Food, electricity and petrol prices are all going up – as South Africans keep getting poorer

The Pietermaritzburg Economic Justice and Dignity research group (PMBEJD) has criticised government and National Treasury for underspending on South Africa’s poorest and most vulnerable communities, at a time when money has never been tighter, and food, electricity and travel costs are rising.

In a review of the 2021 budget, the PMBEJD noted that its latest research shows the average cost of a household food basket is still above R4,000 a month. While this basket is more affordable than in January, it is significantly more expensive than six months ago.

While food prices have climbed over lockdown, government’s response, through the budget, has been to effectively cut – in real terms – grant payments, and ignore the calls for a higher national minimum wage.

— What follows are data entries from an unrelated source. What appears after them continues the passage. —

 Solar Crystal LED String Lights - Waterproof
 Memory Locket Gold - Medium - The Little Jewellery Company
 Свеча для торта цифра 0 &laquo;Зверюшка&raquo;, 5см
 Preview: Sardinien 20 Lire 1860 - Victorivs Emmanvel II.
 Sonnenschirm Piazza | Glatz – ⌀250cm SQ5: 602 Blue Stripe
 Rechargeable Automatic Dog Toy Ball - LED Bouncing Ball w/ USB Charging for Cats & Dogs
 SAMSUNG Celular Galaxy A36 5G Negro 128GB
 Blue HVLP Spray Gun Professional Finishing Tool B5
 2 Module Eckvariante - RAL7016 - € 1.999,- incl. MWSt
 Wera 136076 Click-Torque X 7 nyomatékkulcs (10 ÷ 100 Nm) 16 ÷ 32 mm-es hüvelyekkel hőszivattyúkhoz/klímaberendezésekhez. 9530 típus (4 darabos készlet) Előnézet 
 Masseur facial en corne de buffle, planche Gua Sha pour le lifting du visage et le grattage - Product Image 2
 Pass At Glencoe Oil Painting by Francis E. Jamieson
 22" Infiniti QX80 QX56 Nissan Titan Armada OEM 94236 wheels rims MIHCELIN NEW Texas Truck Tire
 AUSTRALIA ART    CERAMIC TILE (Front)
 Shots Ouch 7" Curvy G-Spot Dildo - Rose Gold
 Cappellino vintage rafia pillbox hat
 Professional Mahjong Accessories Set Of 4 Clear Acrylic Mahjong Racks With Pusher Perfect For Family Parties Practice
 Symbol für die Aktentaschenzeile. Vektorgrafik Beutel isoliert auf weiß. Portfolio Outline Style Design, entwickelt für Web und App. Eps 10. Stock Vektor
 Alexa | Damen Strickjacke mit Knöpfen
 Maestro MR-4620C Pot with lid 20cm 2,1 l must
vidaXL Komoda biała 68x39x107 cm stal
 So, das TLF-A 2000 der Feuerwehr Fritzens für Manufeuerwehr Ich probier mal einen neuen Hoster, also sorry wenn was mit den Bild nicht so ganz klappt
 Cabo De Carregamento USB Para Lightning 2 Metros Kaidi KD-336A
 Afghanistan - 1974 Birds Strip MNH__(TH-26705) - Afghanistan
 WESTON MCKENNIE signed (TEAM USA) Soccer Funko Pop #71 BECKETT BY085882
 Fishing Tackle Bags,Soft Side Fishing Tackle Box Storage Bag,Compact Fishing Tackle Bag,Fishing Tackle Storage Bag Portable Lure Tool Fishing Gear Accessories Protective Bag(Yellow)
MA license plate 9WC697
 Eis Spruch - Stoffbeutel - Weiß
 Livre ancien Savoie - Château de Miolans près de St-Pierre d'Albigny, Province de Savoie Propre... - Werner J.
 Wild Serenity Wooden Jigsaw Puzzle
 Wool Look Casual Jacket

The group said that the basket of core foods has increased above inflation (+5.6%), and further price hikes are coming from all sides:

  • Fuel levies are increasing by 27 cents per litre, which will have a knock-on effect on prices of all goods and services;
  • Electricity tariffs will be going up by 15.6%, with more hikes coming;
  • Taxi fares are expected to increase between 7% and 25%;
  • Food prices are expected to increase by as much as 10%, given all the factors in play.

Despite this, government has seemingly gone out of its way to do nothing to help the most vulnerable deal with what lies ahead.

Minimum wage

The minister of Employment and Labour recently announced a 4.5% increase on the NMW hourly rate.

While this is slightly above inflation, the PMBEJG argues that the baseline wage was already set extremely low, and is considered a “poverty wage”.

The 4.5% increment works out to be 93 cents an hour, R7.44 for an eight hour day, and if the full working-day month is worked, a R148.80 monthly increase.

“The annual increment and the baseline NMW are not enough for workers and their families for the 2021 term. CPI tracks backwards – it tells us what inflation was in the past; instead of adjusting wages forward, to projections of what inflation for low paid workers is likely to be in the coming 2021 term.

“The additional 93 cents per hour is likely to be gobbled up by the across the board increases in the cost of essential goods and services this year. Millions of South African workers will likely be poorer this year than they were last year,” the PMBEJD said.

Grants

The PMBEJD said that this habit of short-changing the poor was also cemented in the 2021 budget, noting the paltry 1.6% and 2.2% increases to the old age and child support grants, respectively.

“Families will, once again, not be able to afford the increases in expenses this year – but this time it is even worse because government could not even be bothered to set the grant increases in line with inflation.

“This decision will make the most vulnerable people in society even worse off,” the PMBEJD said.

It noted that 3.67 million pensioners currently rely on the old age grant. “They use this money directly in the economy and support not only themselves but children, and family members who receive low wages or who have lost their jobs.

“The 1.6% or R30 increment on the grant is a terrible insult; it is a disgrace and the elderly – and the families they support – are very angry,” it said.

The “intentional underspend” on child support has added insult to injury, PMBEJD said, pointing out that months of research has shown that children are suffering from hunger and malnutrition at record levels in the country – some 30% of boys and 25% of girls under the age of five.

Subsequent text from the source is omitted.